I guess, that the algorithm is also mentioned in some books about graph theory.

thx for the reply. But i m getting WA again and WA. did u mean Greedy approach ??
pls post some critical data.

Hint: Think about how you can find a lower bound for the minimum number of nodes in the vertex cover (it turns out, if you find the right lower bound, that it is in fact the solution).

Another Hint: In a bipartite graph, the size of the minimum vertex cover can be found in polynomial time. We can then check to see if the size of the minimum vertex cover matches with the size of the independent set.

little joey wrote:
You can do that by hand: {1,2,5} is a max. ind. set, and the complement, {3,4,6,7}, is a min. vert. cover.
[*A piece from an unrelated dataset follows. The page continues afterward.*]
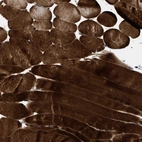 Immunohistochemical staining of human skeletal muscle shows strong cytoplasmic positivity in myocytes.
Oh, I misunderstood the problem definition. Sorry, I thought that vertex cover is a set C such that for every vertex in V\C there is an edge that connect it with C. Thats why I thought answer should be {3,4,6}.

If you can color all vertexes of a graph with at most two colors then it is bipartite. Moreover, color of a particular vertex defines to which part it belongs to.

Here is my reasoning for "why if the graph is not bipartite, it is "Impossible" to find a maximum independent set which is also a minimum vertex cover":

We use the following Lemmas:
1. (Lemma 1) A graph is bipartite (bi-colorable) if and only if it has no odd cycles. (You can find this in almost ever graph theory and discrete mathematics book. If you need its proof, please tell me)
2. (Lemma 2) If It is "impossible" to find a max. independent se minimum vertex cover for a subgraph G' of graph G, then it is also "impossible" for graph G.

Then, we show that for a odd-cycle which is a sub-graph of a non-bipartite graph, it is "impossible" :

We have a graph which is and odd cycle. we number its vertices like this : from 1 to n where i is connected to i+1 , and n is odd (n % 2 = 1)

Now, we want to get a maximum indepedent set. We assume that we first mark vertex 1 without loss of generality.
We mark vertex 1. We cannot mark vertex 2 considering the definition for "maximum independent set". then we mark vertex 3 ... there are two possiblities:
1. We continue this method until the end. it means we will mark every vertex i for which i = 2k+1 for some k. then, we should also mark vertex n which also of form 2k+1. but we cannot do this since there is an edge between it and vertex 1, and vertex 1 is already marked. then, the edge between vertex n-1 and n has no end-points which is marked, so it is not "covered", so this cannot be a "Minimum vertex cover"!
2. We skip some i = 2k+1 somewhere in our method. then, i-1 is not marked, and i is not marked. then, the edge {i, i-1} is not covered. then, this cannot be a "Minimum Vertex Cover"!

Since we couldn't accomplish finding a "Maxmimum independent set minimum vertex cover" for a sugraph of our un-bipartite graph, according to Lemma 2, we cannot find a "Maximum independet set minimum vertex cover" for our graph.

So, It is "impossible" for a non-bipartite graph to find a such subset of vertices.

This was my method for proofing this. I haven't seen this proof anywhere, so it may contain some errors. If you find any please tell me. and If anyone has a more-structured and a better proof, please post it to the board.
Thanks.

Suppose we have some independent set C which is also a vertex cover.
Then
1. There are no edges in C (it is independent)
2. There are no edges in V\C (C is a vertex cover)
So all edges have one endpoint in C and other in V\C i.e. graph is bipartite

we can't assume the existence of some independent set C which is also a vertex cover since they don't need to be the same set of vertices, only the size need to be the same. We need to show that is not the case.